▶ **BRIEF**:
The response consists of the lines from the start of the material below through the line holding "Vietnam Vlag Charmante", repeated word for word and without pictures.

*** Begin section ***

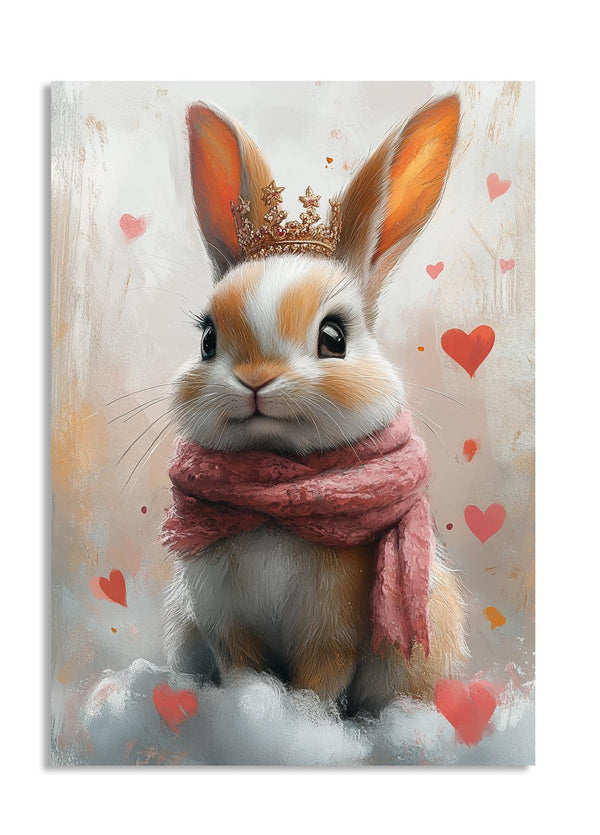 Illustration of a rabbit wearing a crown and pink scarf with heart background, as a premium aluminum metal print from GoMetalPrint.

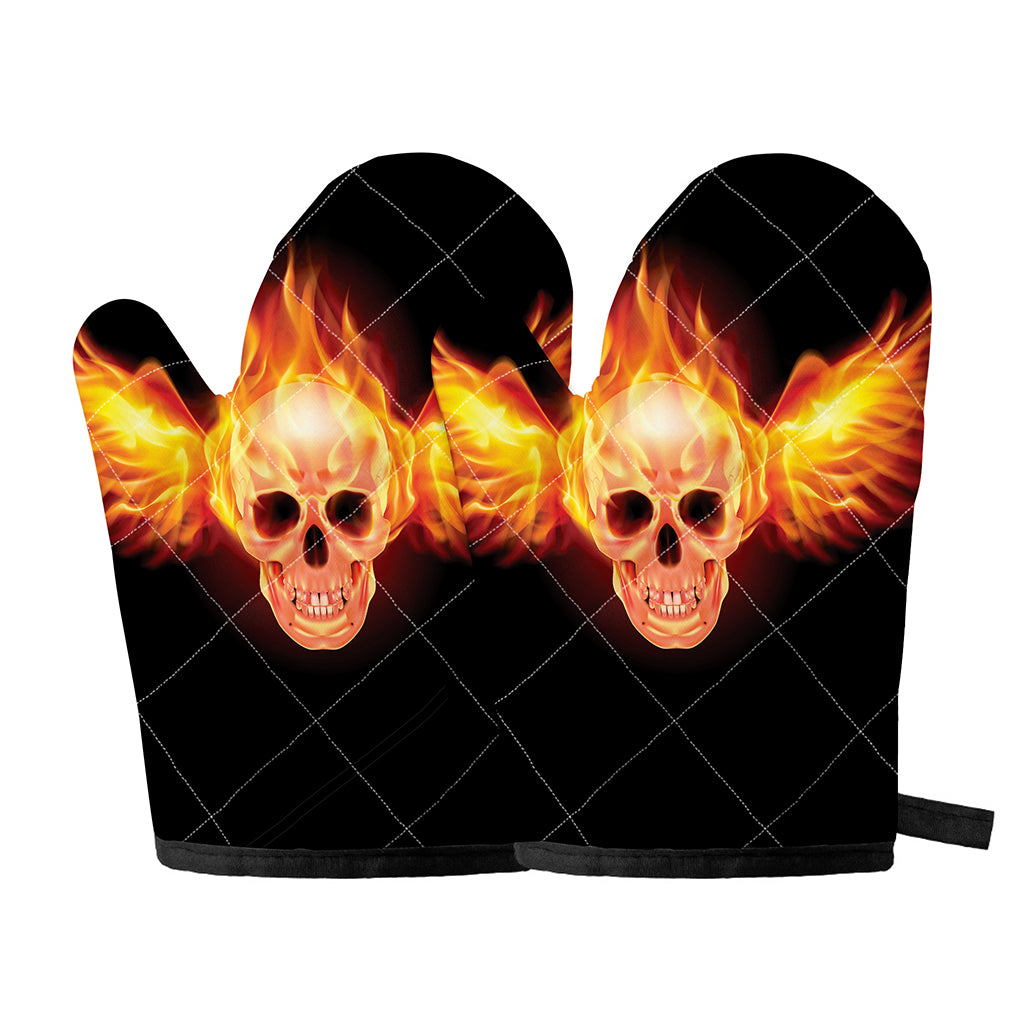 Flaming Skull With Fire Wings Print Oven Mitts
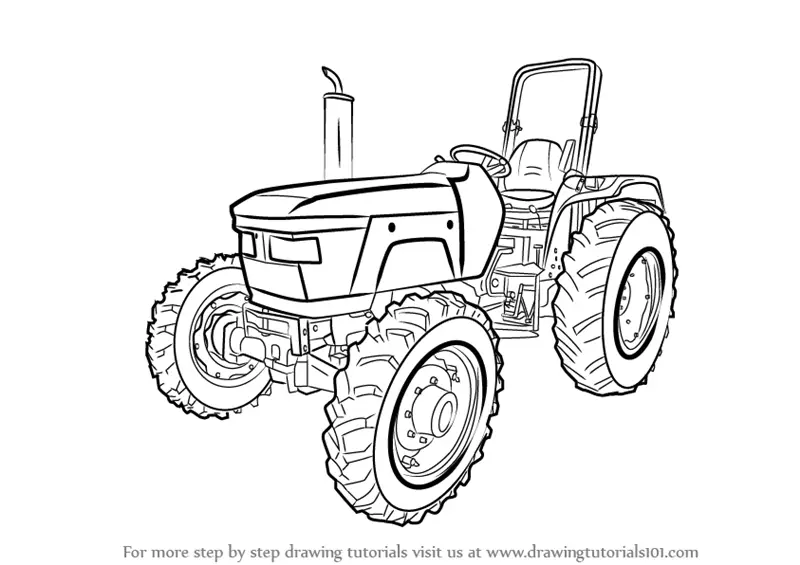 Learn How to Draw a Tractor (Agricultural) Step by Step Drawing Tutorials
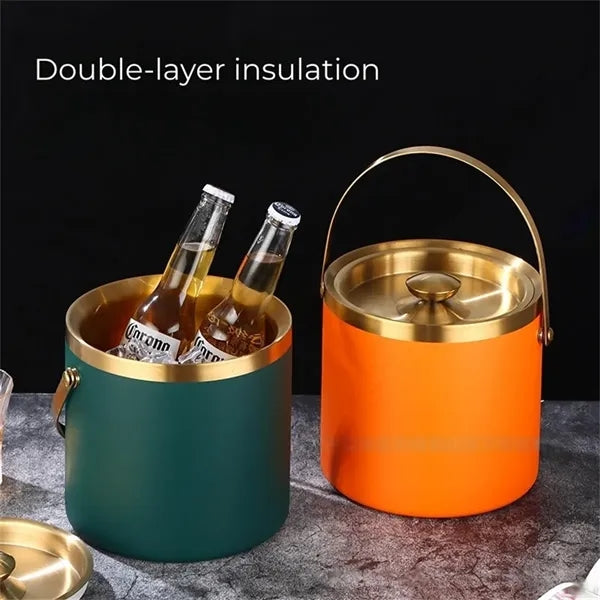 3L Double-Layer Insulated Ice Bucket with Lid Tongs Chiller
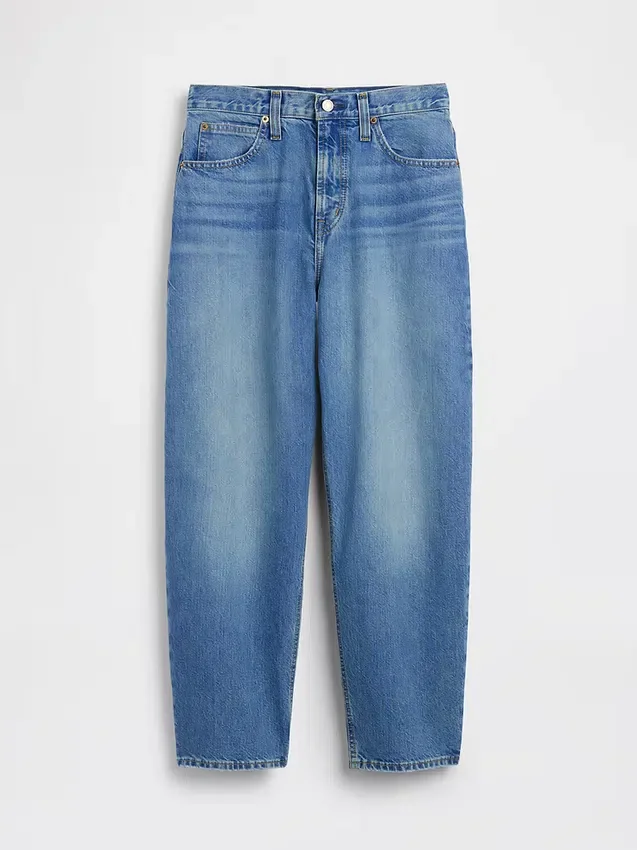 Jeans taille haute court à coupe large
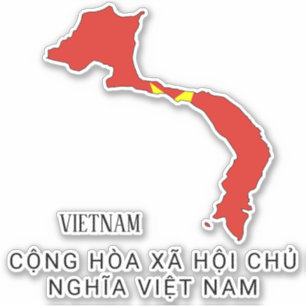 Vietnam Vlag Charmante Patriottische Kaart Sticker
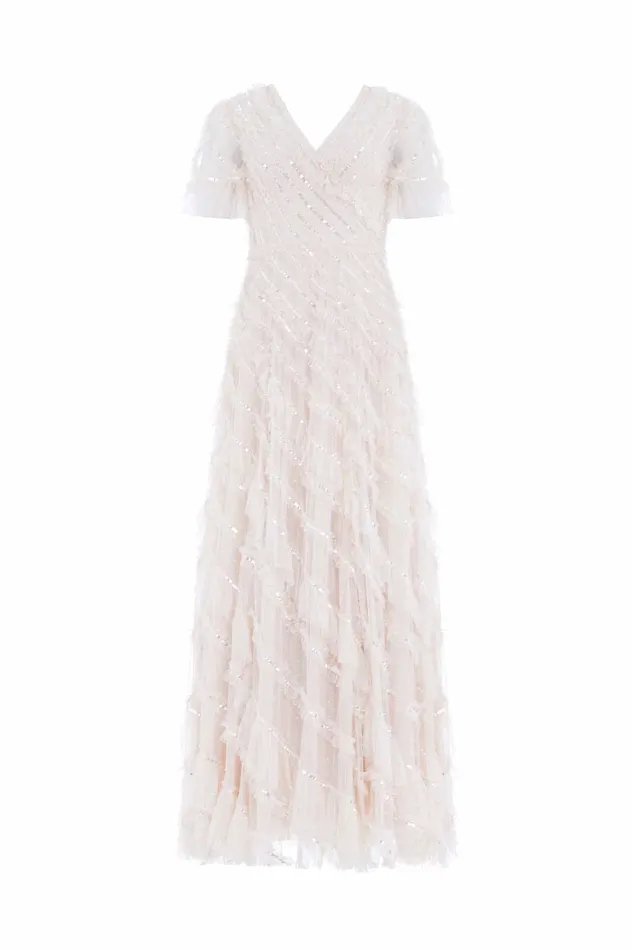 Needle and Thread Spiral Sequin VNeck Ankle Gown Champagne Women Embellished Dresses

*** End section ***

▶ **YOUR RESPONSE**:
 Illustration of a rabbit wearing a crown and pink scarf with heart background, as a premium aluminum metal print from GoMetalPrint.

 Flaming Skull With Fire Wings Print Oven Mitts
 Learn How to Draw a Tractor (Agricultural) Step by Step Drawing Tutorials
 3L Double-Layer Insulated Ice Bucket with Lid Tongs Chiller
 Jeans taille haute court à coupe large
 Vietnam Vlag Charmante Patriottische Kaart Sticker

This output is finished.